Both the men and women given the beer found it more
difficult to work out if a face was symmetrical
than those on soft drinks.
Hillary's Beer -  Secretary of State Hillary Clinton recently cut loose during
her trip to the Summit of the Americas in Colombia partying at a local club and
chugging beer straight from the bottle.  Her choice: Aguila pilsner cerveza

Beer Without a Brewery-  Mikkeller is prolific brewery. Since being
founded in 2006, it has brewed more than 200 beers. Not bad for a "brewery"
that does not have a physical brewery of its own. It is known as a “gypsy”
brewery. Co-founder Mikkel Borg Bjergsø travels around the world, brewing
beers at other breweries. The beer is available in over a dozen countries.

Mark the Date -  the seventh annual American Craft Beer Week will be held.
May 14-20.  Celebrations are expected to be held across all 50 states as
communities come together to show appreciation on a local level for the more
than 1,900 small and independent craft brewers.

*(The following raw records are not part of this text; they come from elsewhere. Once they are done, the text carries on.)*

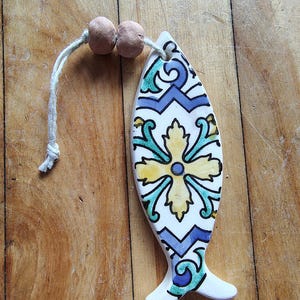 May include: A ceramic fish-shaped ornament with a decorative floral design in yellow, blue, and teal on a white background. The ornament has a string and two wooden beads attached for hanging. The fish is approximately 5 inches long.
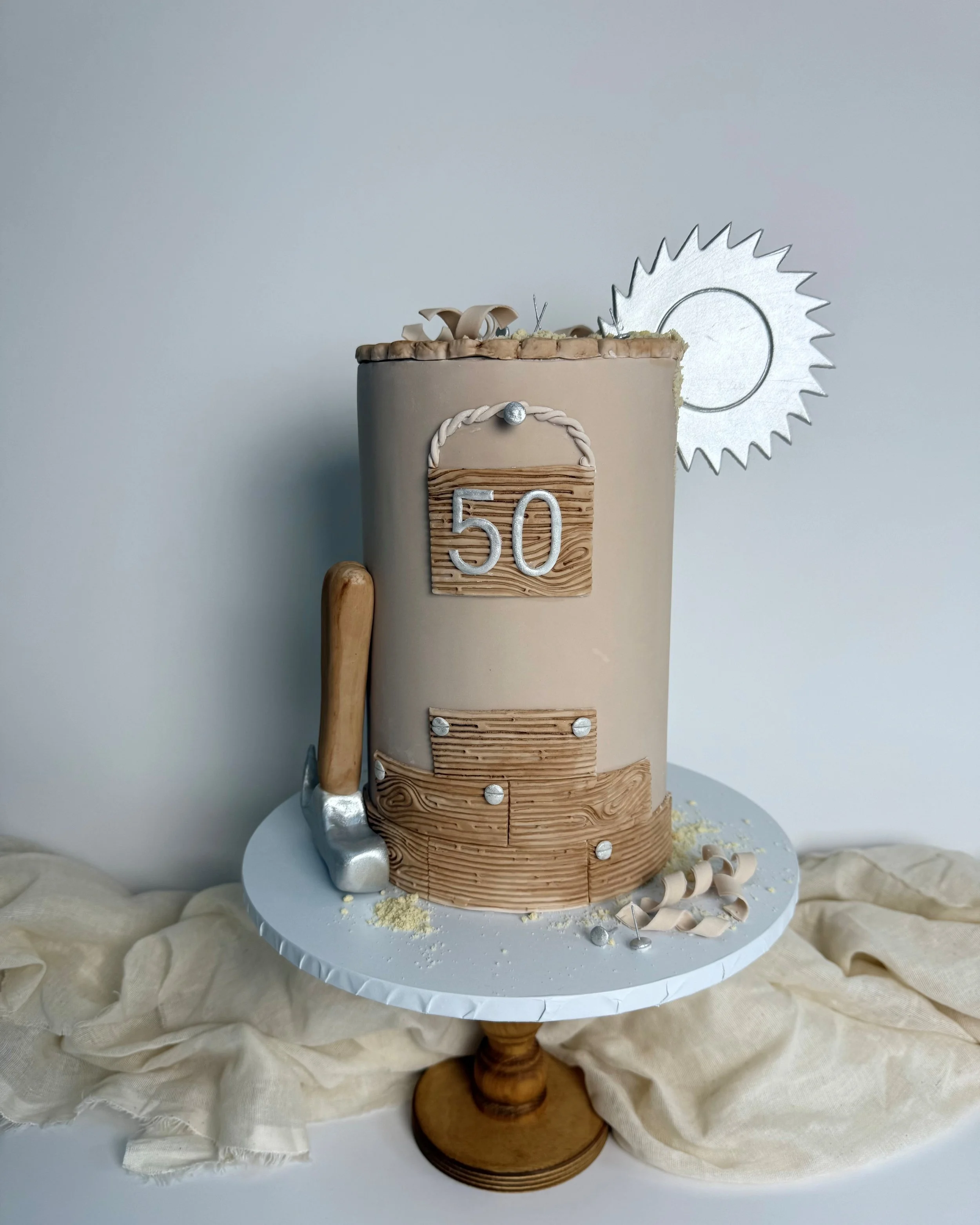 Cake decorated with a wooden theme, displaying the number 50 on a wooden sign, with a small hammer, wood shavings, and a sun-shaped cake topper.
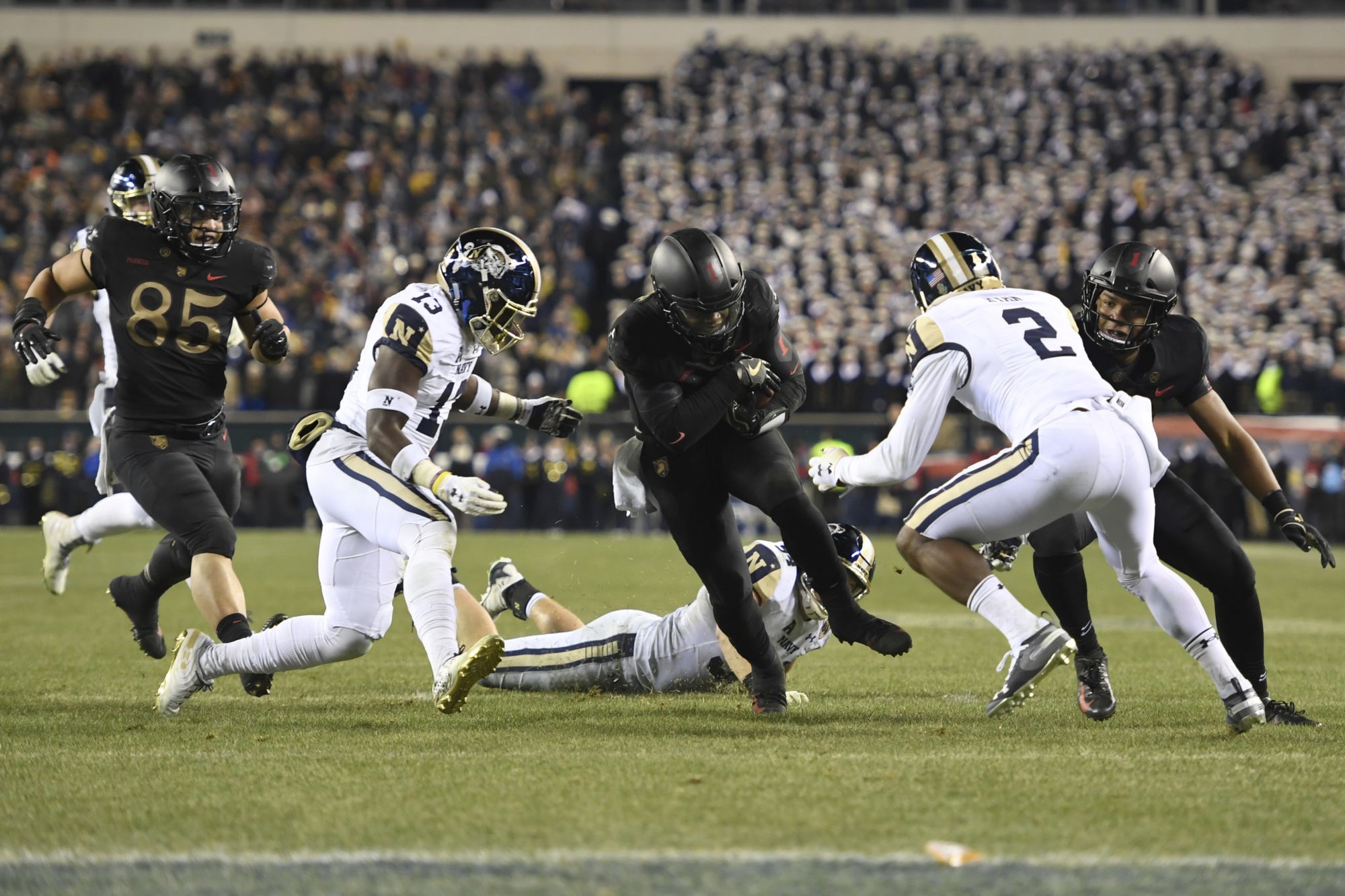 PHILADELPHIA, PENNSYLVANIA – DECEMBER 08: Kelvin Hopkins Jr. #8 of the Army Black Knights drives toward the end zone against Juan Hailey #13 and Jarid Ryan #2 of the Navy Midshipmen during the third quarter of the game at Lincoln Financial Field on December 08, 2018 in Philadelphia, Pennsylvania. (Photo by Sarah Stier/Getty Images)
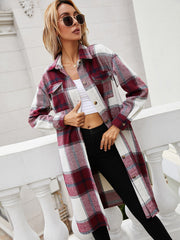 Burgundy plaid duster shirt jacket with button front and chest pockets.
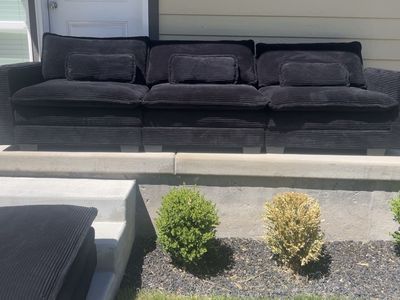 Black plush couch + ottoman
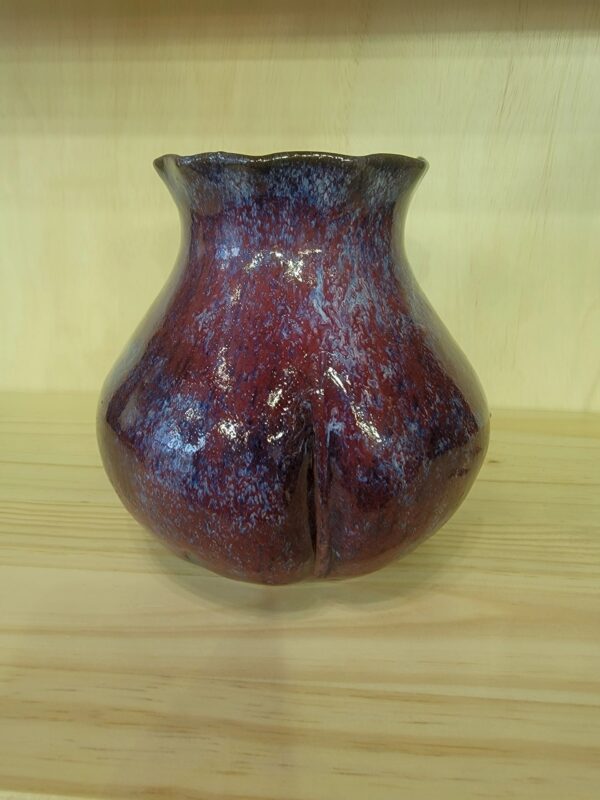 A red vase sitting on top of a wooden table.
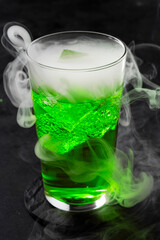 St. Patrick’s Day cocktail. Glowing Green Molecular Cocktail with Smoke on Dark Background. Halloween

Use the Mail - The US Senate has just passed a Postal Service reform bill
that allows licensed shipments of alcohol by a licensed winery or brewery in
accordance with the laws of the state where the addressee takes delivery.  

Illegal Home Brews

An explosion of interest in home brewing is forcing lawmakers across
the country to review long-forgotten alcohol laws, some of which date
back to Prohibition.   At least 17 states currently have ambiguous laws
on whether home brewers can transport beer or wine outside the
home, according to the American Homebrewers Association.

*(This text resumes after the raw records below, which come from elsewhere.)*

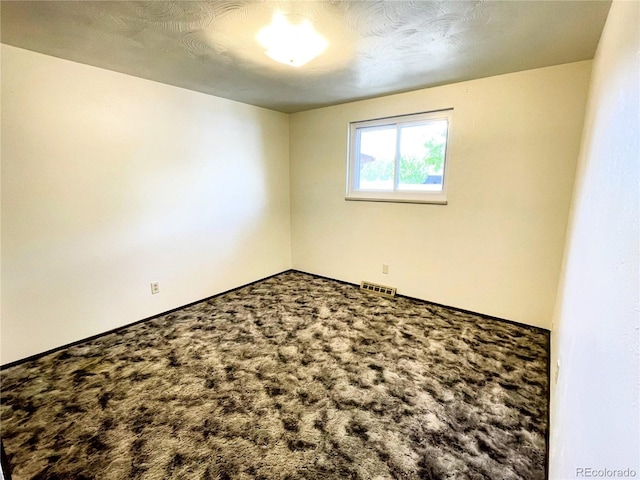 carpeted empty room with baseboards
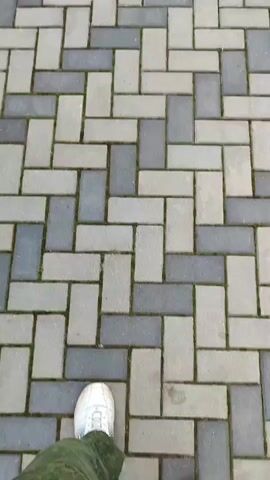 The video shows a first-person perspective of someone walking on a patterned walkway. The walkway is made of interlocking rectangular pavers, alternating in light gray and dark gray colors, arranged in a herringbone pattern. The person is wearing white sneakers and green camouflage pants. The camera angle is angled downwards, focusing on the feet and the ground. The footage is shaky, indicating movement.
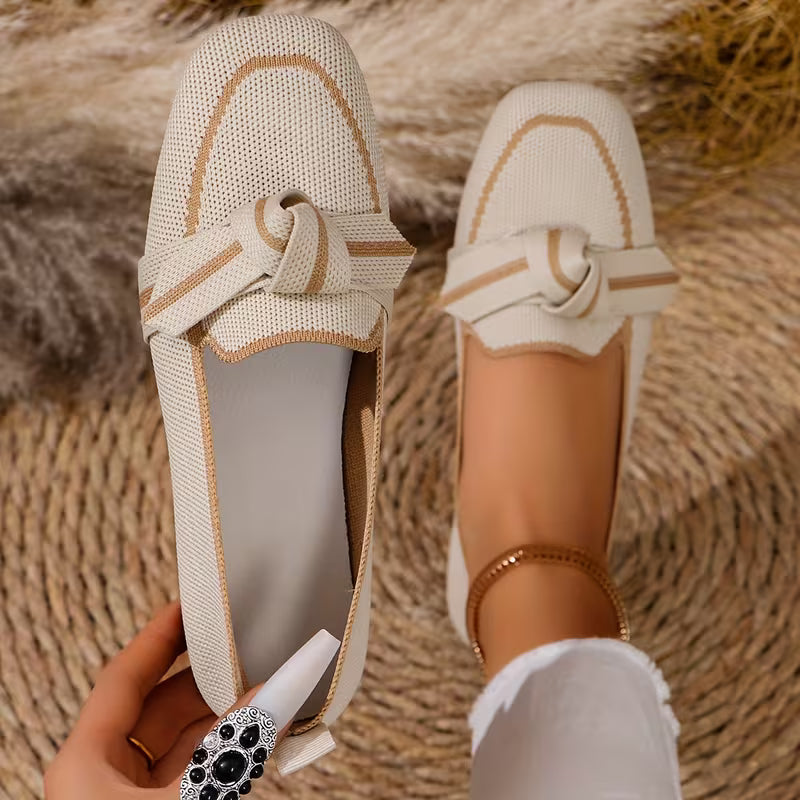Beige loafers with a knot detail worn by a person on a textured surface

In Kansas and Minnesota, for example, home brewers can only make
beverages for themselves or family members. Other states permit
homemade beer and wine to be consumed by guests, too, as in
Arizona, Hawaii, Idaho and Illinois.  Utah just legalized home brewing in
2009, and Oklahoma followed in 2010. Mississippi and Alabama
are the only states that still forbid it.  

Home brewing was illegal in the United States until 1978, when the
federal government lifted Prohibition-era restrictions on making alcohol
in the home. The revised law allowed homemade beer and wine to be
offered at tasting competitions but also left most alcohol regulations up
to individual states. So many states have their own home-brewing
rules that supersede federal policies.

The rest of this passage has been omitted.